| Primary health centres like this one will come up in urban areas of Patna |
Patna district is set to get 36 urban primary health centres by January next year to help people in the areas concerned avail of free treatment, thanks to a new central scheme.
Sources said the process to identify the areas where the urban primary health centres will come up under National Urban Health Mission would start soon.
District civil surgeon Lakhendra Prasad said the initiative taken up by his office is aimed at addressing the health issues of the urban poor and also save unnecessary expenditure of the common people while availing treatments, some of which are provided free of cost at primary health centres. At present, primary health centres are only run in rural areas.
He said: “Under the National Rural Health Mission, primary health centres are opened only in the rural areas. But with this new Centre-sponsored scheme, the urban poor can also avail of benefits like free treatment same as their rural counterparts. The health of financially underprivileged people in the urban areas is often worse than rural people. That is the reason the Union government has decided to open the urban primary health centres under this new scheme.”
Centre-sponsored schemes are implemented in the states with the help of the government. The district civil surgeon has to ensure that the scheme is implemented.
According to the norms of the scheme, there should be one primary health centre for every 50,000 people. According to the 2011 Census, Patna district has around 17 lakh people for which it needs 36 of the urban primary health centres.
“Apart from providing several basic treatments for free, the urban primary health centres would also take up holistic programmes such as immunisation, check-up for pregnant women and control of communicable diseases.
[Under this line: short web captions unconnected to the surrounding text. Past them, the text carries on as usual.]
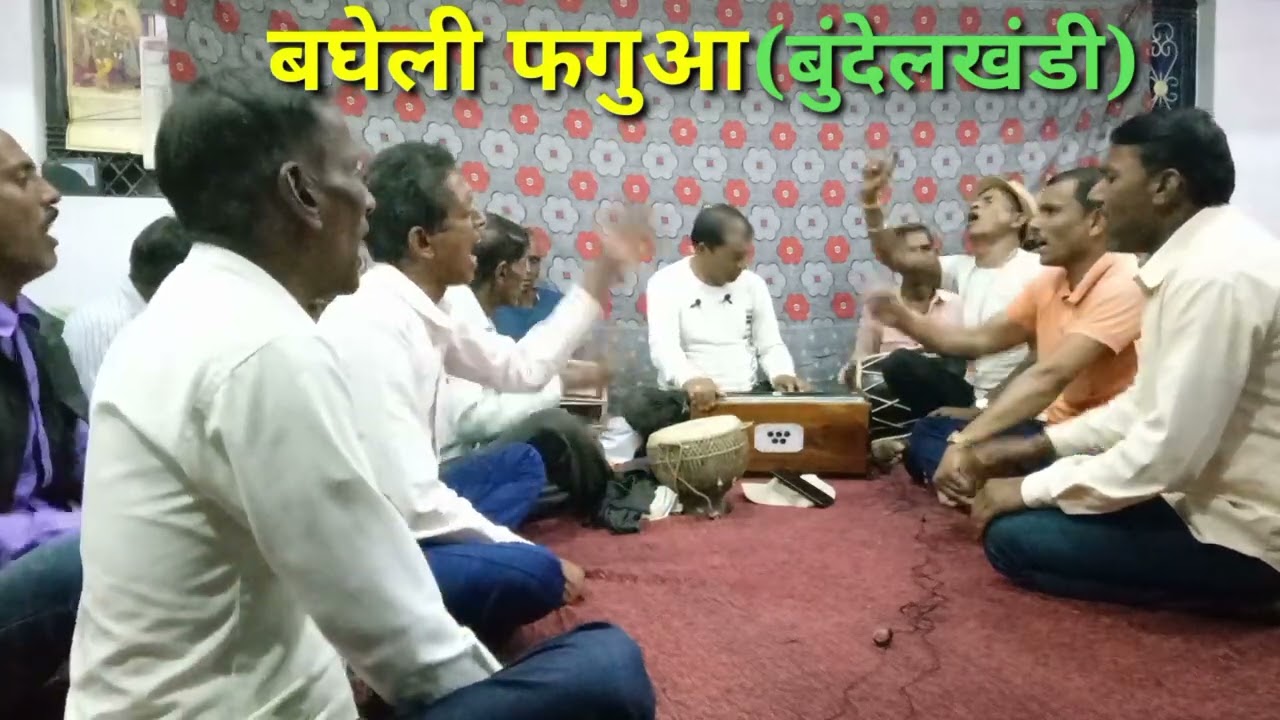 बुंदेलखंडी बघेली फगुआ!!कपट मृगा बन अइयो बैरी रे!! Premchandra Kushwaha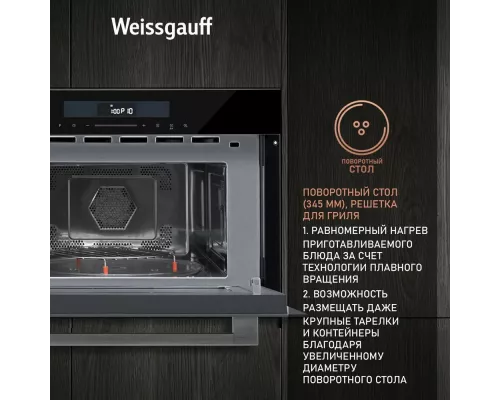 Встраиваемая микроволновая печь WEISSGAUFF BMWO-341 DB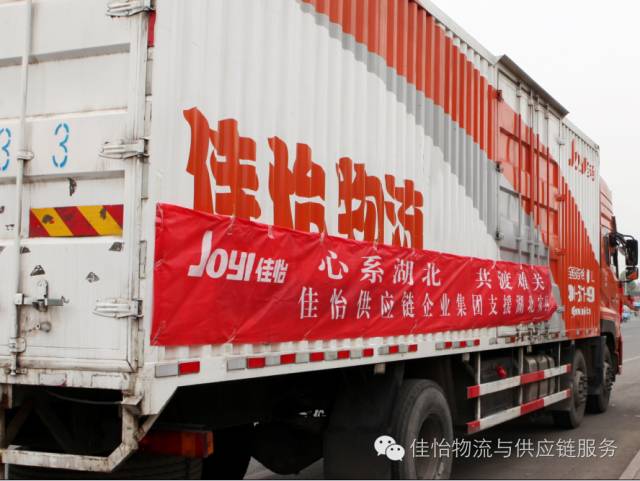 心系湖北，共渡難關(guān)——佳怡供應(yīng)鏈企業(yè)集團支援湖北災(zāi)區(qū) 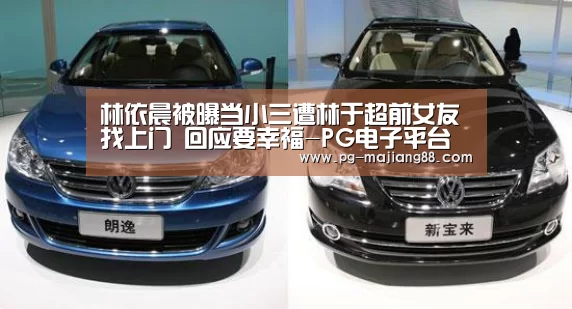 林依晨被曝当小三遭林于超前女友找上门 回应要幸福-PG电子平台(图3) PG娱乐中心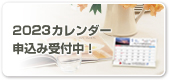 カレンダーご注文はこちら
Every urban primary health centre would have two doctors, eight auxiliary nurse and midwives (ANMs) and two to three para-medical employees,” said the civil surgeon.
Of the ANMs, five will be for outdoor services and would have to go from door to door to carry out immunisation programme and check pregnant women. The rest will be assigned responsibility for indoor services and responsible for works in the hospital.
Sources, however, said Prasad’s office might face difficulty in acquiring land for constructing the urban primary health centres. He also concurred.
“We might face problem in acquiring land because of the lack of unused land in the city. But we have thought of an alternative arrangement in that case —we will open the urban primary health centres in rented accommodations,” he said.